Billy (W H) Stokes
William Henry – or Billy – Stokes was born in Earlsdon, Coventry on November 18th 1894, one of ten brothers and sisters. The son of a watchmaker, he left Earlsdon Council School at the age of 13 to work in a Coventry cycle factory, painting wheel rims. During his fifteenth and sixteenth years, he continued his education at night classes at Coventry Co-op Commercial Evening School in book keeping, commercial English, and maths.
In January 1913, he had had his first spat at work in a quarrel with a foreman over the speed of work. Having served his apprenticeship as a fitter, he joined the Steam Engine Makers Society in 1914. Stokes worked at the Daimler Coventry plant during World War One, which produced engines for tanks. This seems to have given him the ability to claim exemption from military service, but he nonetheless joined the RAF in 1918 and married Francis Beckett in the same year.
His union was one of several which merged to form the Amalgamated Society of Engineers and he became a shop steward for it at the Daimler plant, where he developed his left wing views with another young steward, George Hodgkinson. The two men were key figures in the development of Coventry as a Labour city. (Although a staunch Labour man, Hodgkinson was decidedly on the left, being a long term supporter of the Soviet Union. He later became Labour Lord Mayor of Coventry in the immediate post-war years.)

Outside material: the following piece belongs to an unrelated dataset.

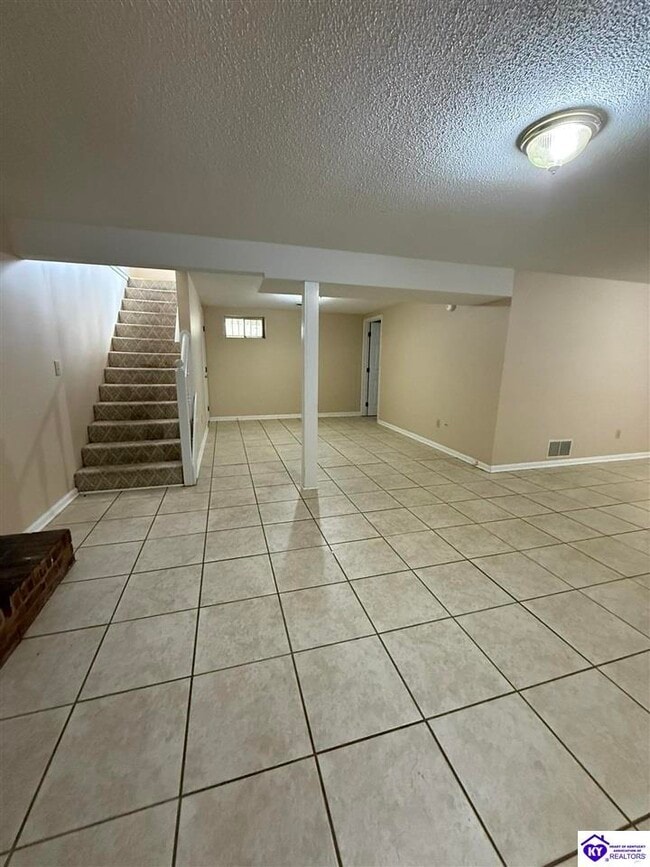 Building Photo - 114 Monroe St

Stokes actually did not join the Communist Party until about eighteen months after its formation, in early 1922. In that year, he was elected secretary of the local engineers' Lockout Committee. (Almost certainly, the foundation of the Amalgamated Engineering Union in 1920 led to a pre-emptive national lock out by the employers, who demanded massive wage reductions.)
He was also a prominent figure in the local branch of the Minority Movement, being Secretary for most of the MM's existence in the city, delegate to the Midland Bureau of the MM and a member of its National Committee.
In 1925 Stokes stood for the Coventry AEU Presidency but came last of three candidates in the election. However, his role during the 1926 general strike did bring him more prominence. He successfully proposed a motion to the Coventry District Committee that: "the manufacture of Motor Vehicles cannot be separated from the question of Transport and. therefore we recommend our members to cease work at a time to be fixed". The TUC had simply called out various waves of workers but it was not thought that engineering workers counted. Nonetheless, as a result of this DC motion, a significant number of Coventry AEU members came out the following day, which turned out to be the last one of the strike.
Stokes stood as "The Trade Union Candidate" for Hearsall Ward in Coventry in late 1926 and was later a Communist candidate for St Paul's ward in 1932 in Hillfields ward.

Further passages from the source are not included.